Il y des mots américains, mais aussi des images américaines, comme celles tournées depuis un hélicoptère en caméra thermique, montrant des clandestins marchant la nuit dans le désert, comme une procession de fantômes…

Ce sont des archives que le service d’immigration m’a données. Je ne pouvais pas les suivre lors de leurs expéditions, à cause du 11 septembre, mais j’ai eu libre accès aux archives, sans problème. Les policiers se sentent très bien par rapport à ces images, ils estiment faire leur devoir. La seule chose qui les a gênés, c’est le plan de cet homme qui cherche des corps avec une torche électrique : il avait une cigarette sur l’oreille, ça pouvait faire mauvais effet.

Comment se sont déroulées les rencontres avec les Mexicains qui ont des liens avec des disparus ?

Très simplement.

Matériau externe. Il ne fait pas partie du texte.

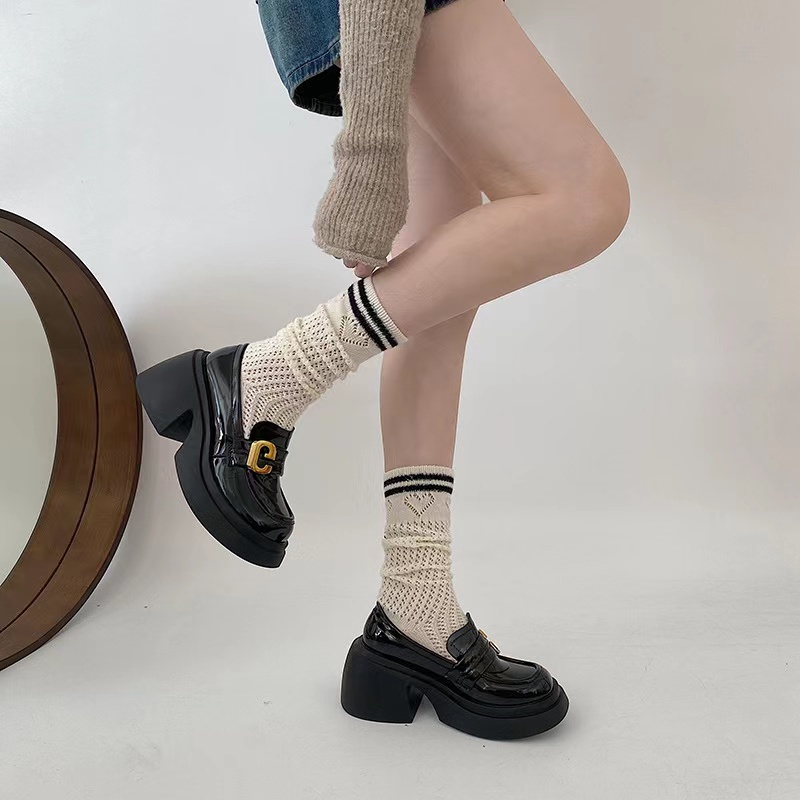 Giày Cao Gót 6.5cm Chất Liệu Da Màu Trắng / Đen Thời Trang 2022 Cho Nữ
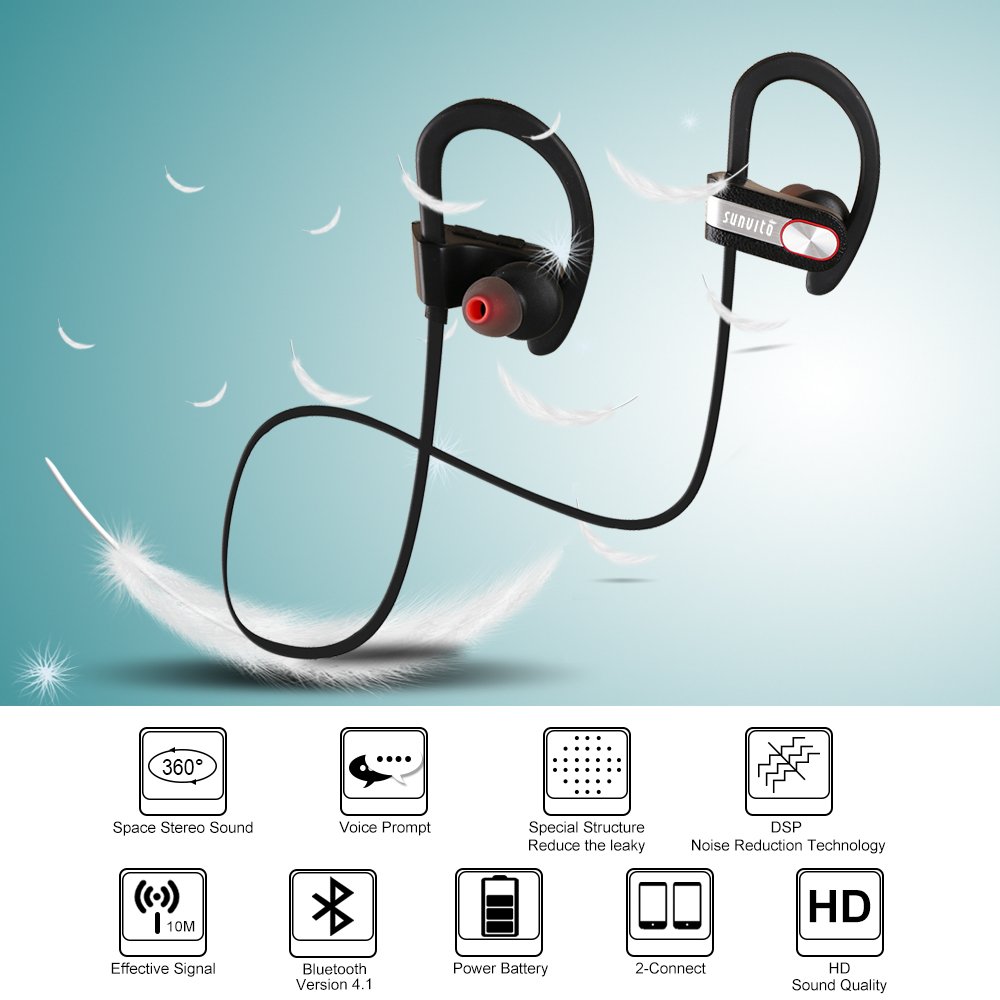Sunvito auricolari Wireless Bluetooth,impermeabili, auricolari In-ear wireless per sport, cuffie stereo con microfono, tecnologia di cancellazione del rumore, perfette per correre, custodia inclusa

Les gens à qui il est arrivé des choses tragiques parlent sans pathos, avec réserve, mais sans réticence. Ils ont besoin de parler pour faire leur deuil. La femme qui a perdu son fils habite un village où 22 personnes sont mortes en tentant de franchir la frontière. Quand elle a fini de parler, son mari a demandé à raconter à son tour. Il a parlé d’un bloc : 45 minutes extraordinaires. C’est dommage, je ne pouvais pas tout garder. Ce ne sont pas des interviews, mais presque des paroles emblématiques. C’est pour ça que j’ai mis Monteverdi au début, parce qu’on n’est pas dans un reportage, on n’est pas à la télé.

En même temps, avec cette parole et son inscription dans un lieu, apparaissent tous les disparus évoqués…

Oui, c’était la même chose dans Sud. Quand je filme un arbre, on peut s’imaginer qu’il y a eu des gens pendus à cet arbre. Quand je filme un champ de coton ou des prisonniers noirs surveillés par un policier à cheval, on voit les esclaves. Il n’est pas nécessaire de les montrer, ça ne m’intéresse pas. En ce sens, je n’ai pas vraiment une démarche de documentariste.

D’Est et De l’autre côté, en parallèle, existent aussi sous forme d’installations. Que cherchez-vous en opérant ce glissement, en sortant les films de la salle de cinéma ?

Je ne cherche rien, j’essaie de faire naître quelque chose. Au départ, le désir n’est pas venu de moi, on me l’a demandé. Je l’ai fait pour découvrir, et maintenant j’ai envie de continuer. Faire des installation à partir de mes films me permet de travailler sur des matières différentes, sur l’élaboration d’un espace, d’un dispositif, et j’aime ça. Dans l’installation sur D’Est, par exemple, on peut avoir une impression globale ou bien créer son propre chemin à travers les images.

On voit de plus en plus de plasticiens intégrer le cinéma à leur travail. Qu’est-ce que ça vous inspire ?

Je suis loin de tout connaître en la matière et j’imagine qu’il y a des choses passionnantes qui sont faites. Mais j’ai l’impression que c’est souvent de l’ordre du gimmick. Ces gens théorisent sur tout mais au final, quand ils prennent comme support un grand film, ce qu’ils en font est moins intéressant que le point de départ. Si encore ils choisissaient de la merde… Bon, quand je dis ça, c’est ma peau de cinéaste qui ressort, et je ne prétends pas qu’il est impossible de travailler sur le cinéma. Mais il faut se servir du cinéma pour l’enrichir, et pas le contraire. Il faut au moins que ça permette de réfléchir sur le cinéma. Aujourd’hui, tout le monde recycle. Très bien, mais Warhol l’a déjà fait il y a trente ans, et en mieux.